Later, back at the Snow Valley High School for Girls, Emma finds herself seated before Ms. Cruikshank with Mr. Kendall standing beside her. Ms. Cruikshank tells Emma that she hates to be the bearer of bad news, but she’s afraid that Emma will have to take the midterm all over again. Emma doesn’t understand, as she got the highest grade, but Ms. Cruikshank replies that she’s well aware of that. However, given her prior academic standing, some parents are questioning the validity of her score. Emma insists she took it fair and square and Mr. Kendall assures her that he can attest to the amount of studying she did in preparation for the examination. Ms. Cruikshank points out that a fellow student claims that Emma knew the results of her test before it was returned, which is highly suspect. She says that they won’t waste any more time and asks Mr. Kendall to find an empty room for Emma.

Soon, Emma is sat alone in a room and sits with the test again, watched by Mr. Kendall. When her time is up, she waits with him while Ms. Cruikshank scores the paper. While they wait, he assures her she shouldn’t have anything to worry about but Emma is more concerned that Matilda would go as far as having her parents fight her battles for her. Mr. Kendall figures she is probably more than a little upset by Emma’s grade than anything else. Emma says that she feels she’s not the only one, asking Mr. Kendall if he isn’t wondering how she pulled it off and if he thinks she’s a cheater too. He replies that nothing could be further from the truth but he is baffled by the ease with which she answered the extra credit questions, all of them, despite not having reviewed the material in class.

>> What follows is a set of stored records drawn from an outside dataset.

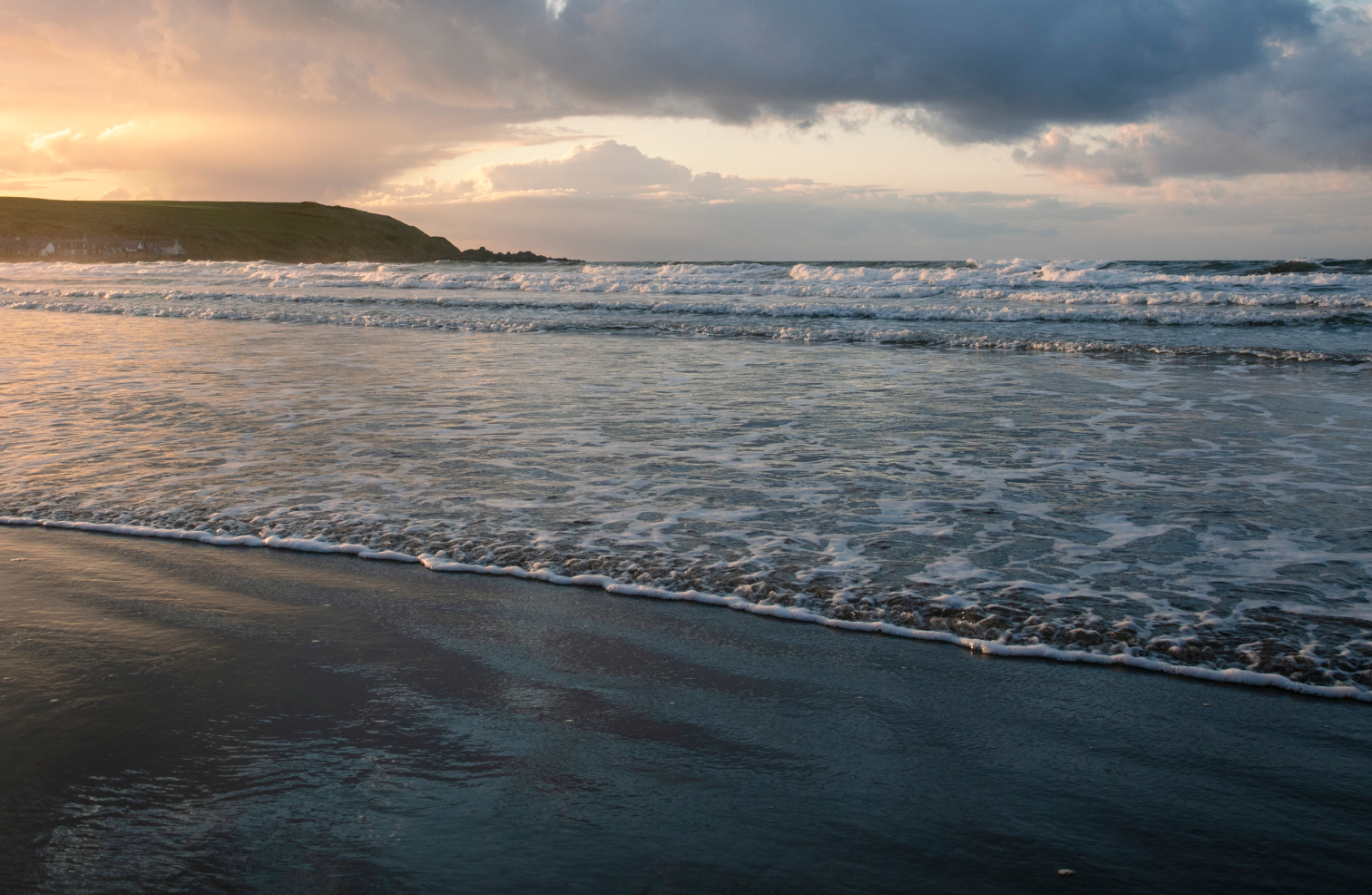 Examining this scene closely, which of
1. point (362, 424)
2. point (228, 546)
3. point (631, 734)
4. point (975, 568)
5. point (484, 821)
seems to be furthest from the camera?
point (362, 424)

Emma says that she is baffled too and tells him that a part of her feels like she doesn’t deserve that first score. He asks what she’s talking about and her instincts are to trust him and tell him the truth. She tells him that when he handed out the midterm, she didn’t remember any of the answers, completely freezing. Then, she heard a voice… Her confession is halted by Ms. Cruikshank, who appears in the doorway and says, “Congratulations, another perfect score.” Mr. Kendall smiles but Emma is a little taken aback. As the headmistress leaves the room, Mr. Kendall places his hands on her shoulders and tells her she did it but Emma backs off and lowers her head. She tells him there’s no way she could have. She purposely left some of the questions blank this time. Mr. Kendall is shocked and storms into Ms. Cruikshank’s office, demanding to see the exam. When asked why, he replies that she left some questions blank and couldn’t possibly have gotten the same grade as before. “What difference does it make?” says Ms. Cruikshank, “As long as it makes her father happy.”

Mr. Kendall suddenly realizes the truth as Ms. Cruikshank continues to tell him that Winston Frost contacted her a short while ago and found out what was going on. She never got to finish grading Emma’s exam and its remains are in the shredder. As far as she is concerned, it doesn’t matter whether she cheated or not. Her family’s donations to this institution make her more than willing to look the other way on this. She suggests Mr. Kendall does the same, otherwise he’s just asking for trouble. Just outside the door, Emma overhears everything that the headmistress says and tears begin to stream down her cheek.

Characters Involved: 

Emma Frost

Ms. Cruikshank (Snow Valley School for Girls headmistress)

Dr. Davenport

Mr. Ian Kendall

Ms. Grizette

Snow Valley School for Girls students including Matilda Brant and Margo


Hazel and Winston Frost

Christian Frost

Felicia (Frost family maid)

Story Notes: 

Radial Keratotomy is a surgical procedure used to decrease nearsightedness, first performed in 1973.

Aestheticism, the devotion to and pursuit of artistic beauty and refined taste, is spelled in Europe as “Estheticism.”